◆ Available data

--------

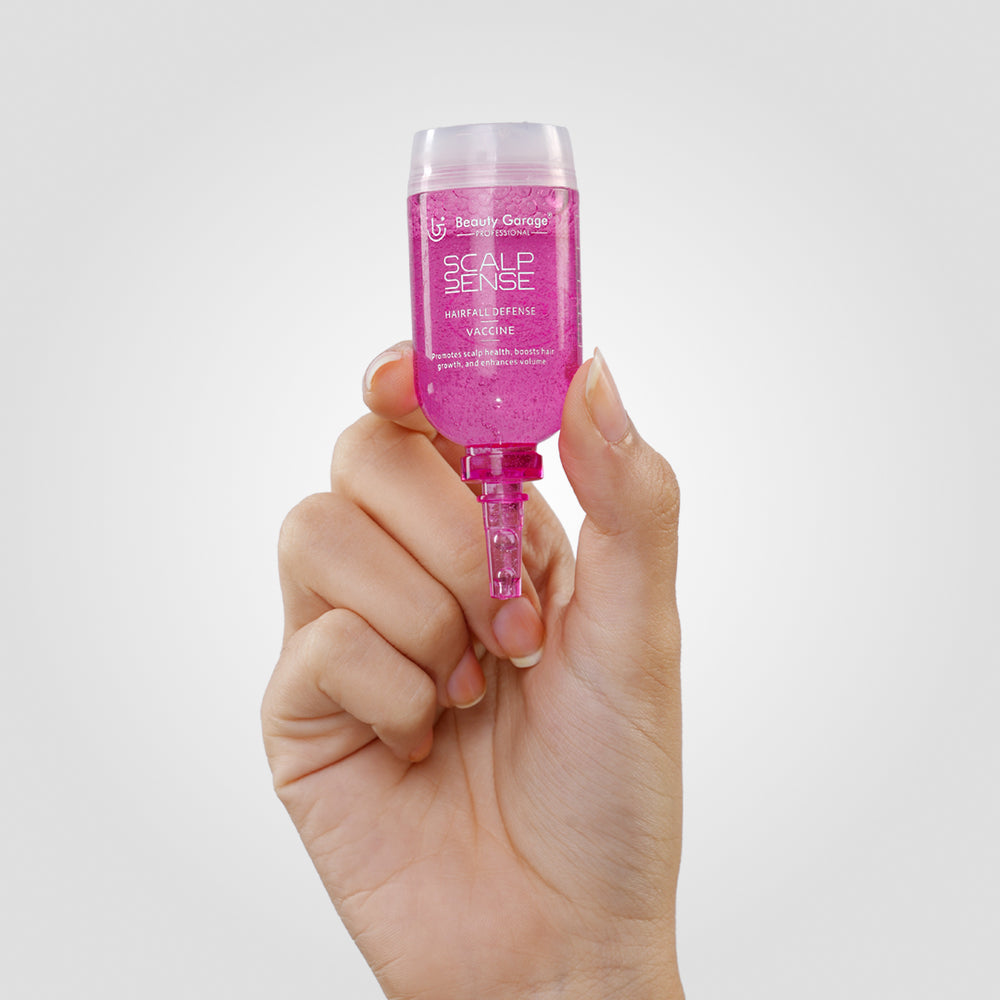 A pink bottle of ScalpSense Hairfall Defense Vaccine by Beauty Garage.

--------

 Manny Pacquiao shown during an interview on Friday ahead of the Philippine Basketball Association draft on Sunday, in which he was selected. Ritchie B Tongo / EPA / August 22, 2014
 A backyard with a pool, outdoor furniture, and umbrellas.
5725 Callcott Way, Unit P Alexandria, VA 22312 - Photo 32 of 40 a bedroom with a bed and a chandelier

--------

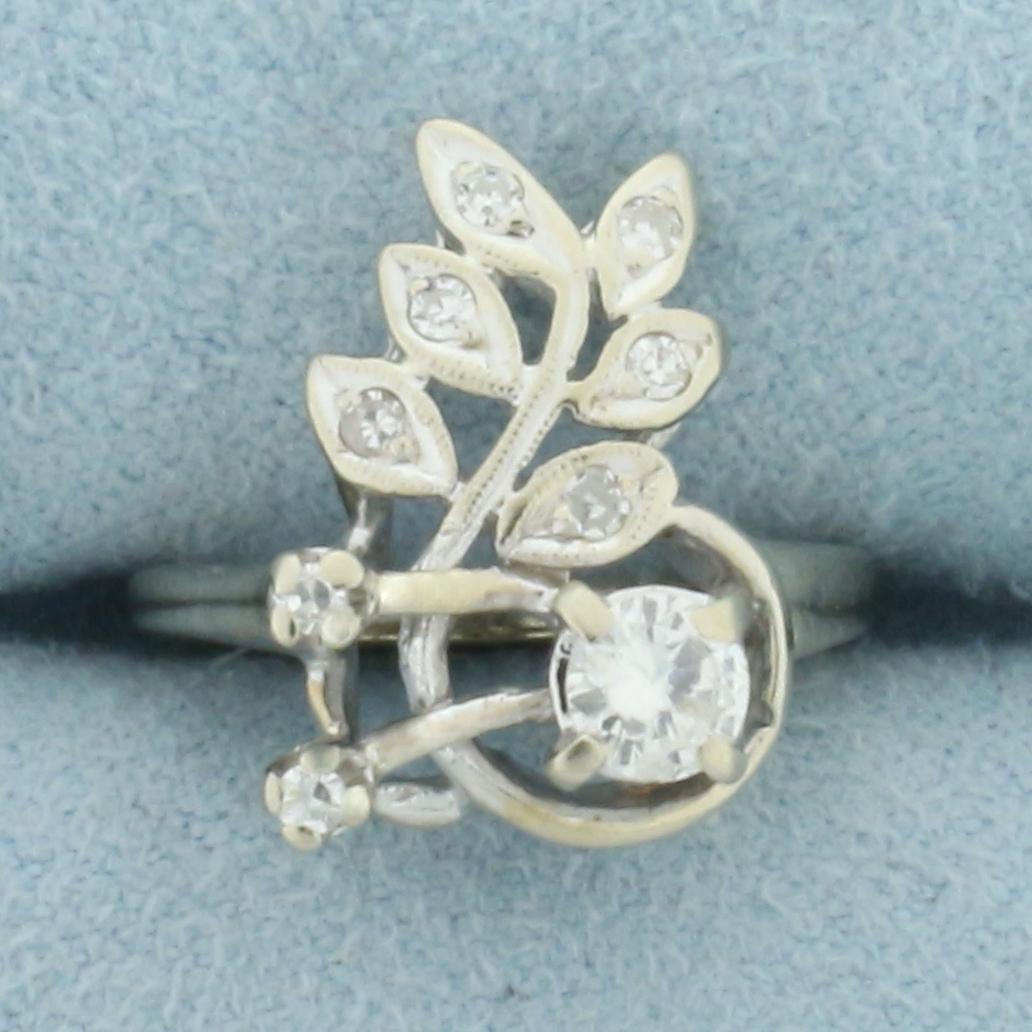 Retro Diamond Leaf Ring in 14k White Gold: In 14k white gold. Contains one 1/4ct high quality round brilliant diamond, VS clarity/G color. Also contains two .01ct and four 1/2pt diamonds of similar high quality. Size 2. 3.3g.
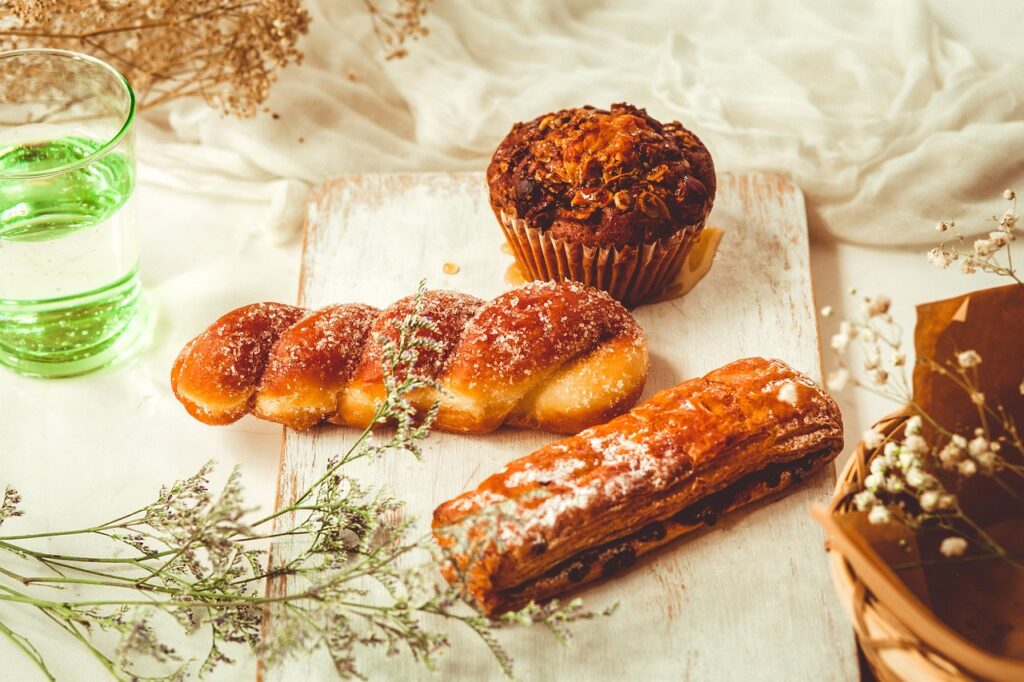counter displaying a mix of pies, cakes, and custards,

--------

◆ Exercise objective
Everything in the material above from the line that has "Manny Pacquiao shown" through the line that has "5725 Callcott Way, Unit" must be duplicated exactly, with no other lines given.

◆ Solution below
 Manny Pacquiao shown during an interview on Friday ahead of the Philippine Basketball Association draft on Sunday, in which he was selected. Ritchie B Tongo / EPA / August 22, 2014
 A backyard with a pool, outdoor furniture, and umbrellas.
5725 Callcott Way, Unit P Alexandria, VA 22312 - Photo 32 of 40 a bedroom with a bed and a chandelier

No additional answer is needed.